Vier Teller mit Versen aus dem Rheinlied, Ende des 19. Jahrhunderts. Fotos: rba_d033570 – rba_d033573

Die Schrift ist angelehnt an die gotische Fraktur, das Dekor im Stil der Neorenaissance – die Teller entstanden gegen Ende des 19. Jahrhunderts. Mit Strophen eines populären Lieds waren sie die Zierde eines bürgerlichen Haushalts. Ein harmloses Relikt der längst vergangenen »guten alten Zeit«?

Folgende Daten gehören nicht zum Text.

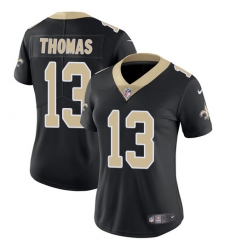 Women's Nike New Orleans Saints #13 Michael Thomas Black Team Color Vapor Untouchable Limited Player NFL Jersey Women's Nike New Orleans Saints #13 Michael Thomas Black Team Color Vapor Untouchable Limited Player NFL Jersey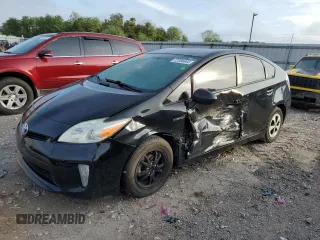 2013 Toyota Prius One with VIN JTDKN3DUXD5628147, listed as a Copart auction lot 72086644 with 0 mi miles and Salvage Title. Bid and sale history available at carsss.com. Image 1.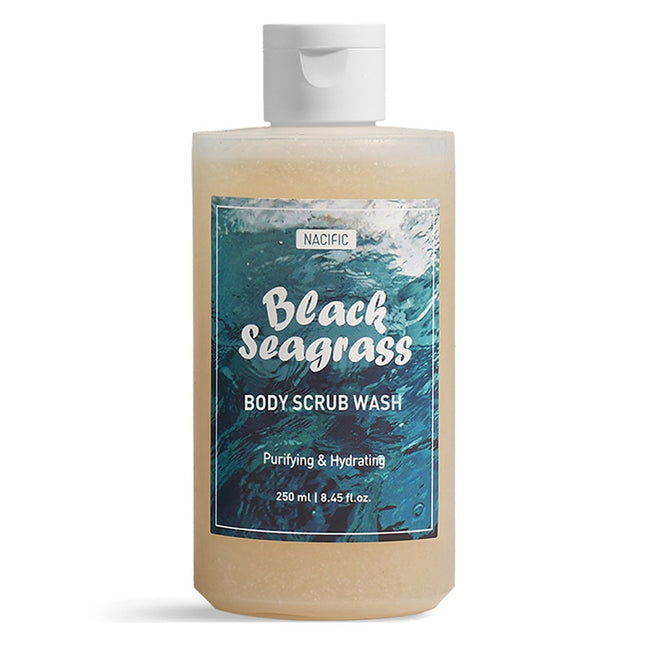 NESIFC  Black Sea Grass Body Scrub Wash Cotton Musk 250ml 1ea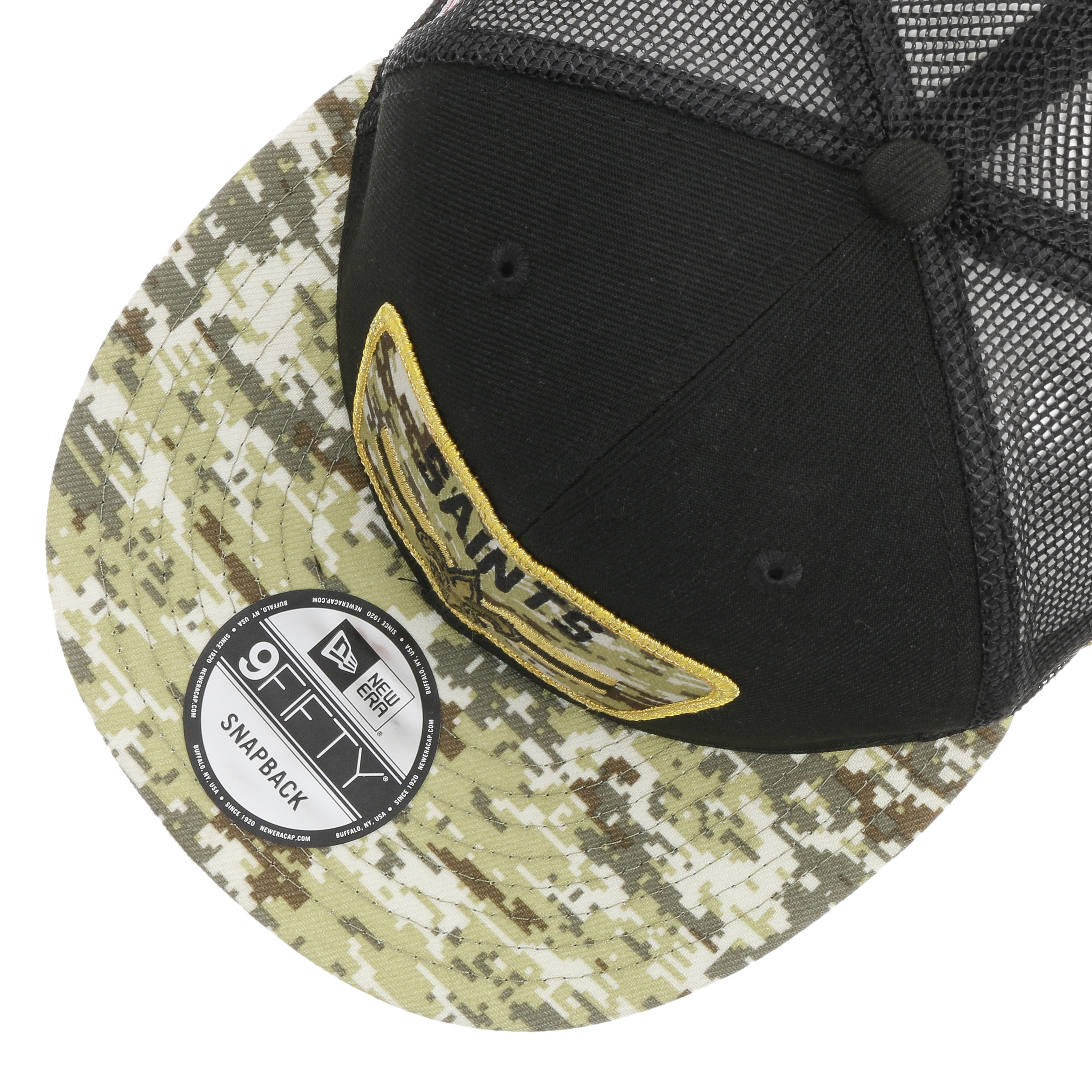 Men's New Era Black/Camo Atlanta Falcons 2021 Salute To Service 39THIRTY  Flex Hat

Scheinbar harmlos nur. Denn die Verse haben es in sich. Sie zitieren das »Rheinlied« von Nikolaus Becker, veröffentlicht im September und Oktober 1840 in Trier und Köln in einer hochbrisanten Situation. Frankreich sah sich aufgrund eines Konfliktes im Orient diplomatisch gedemütigt und verlagerte sich auf ein anderes Thema: das Rheinland. In Pariser Zeitungen ertönte 1840 der Ruf nach der Rheingrenze und somit der Annexion des Rheinlandes. Damit sind die »gierigen Raben« gemeint, die »sich heiser danach schrei‘n«.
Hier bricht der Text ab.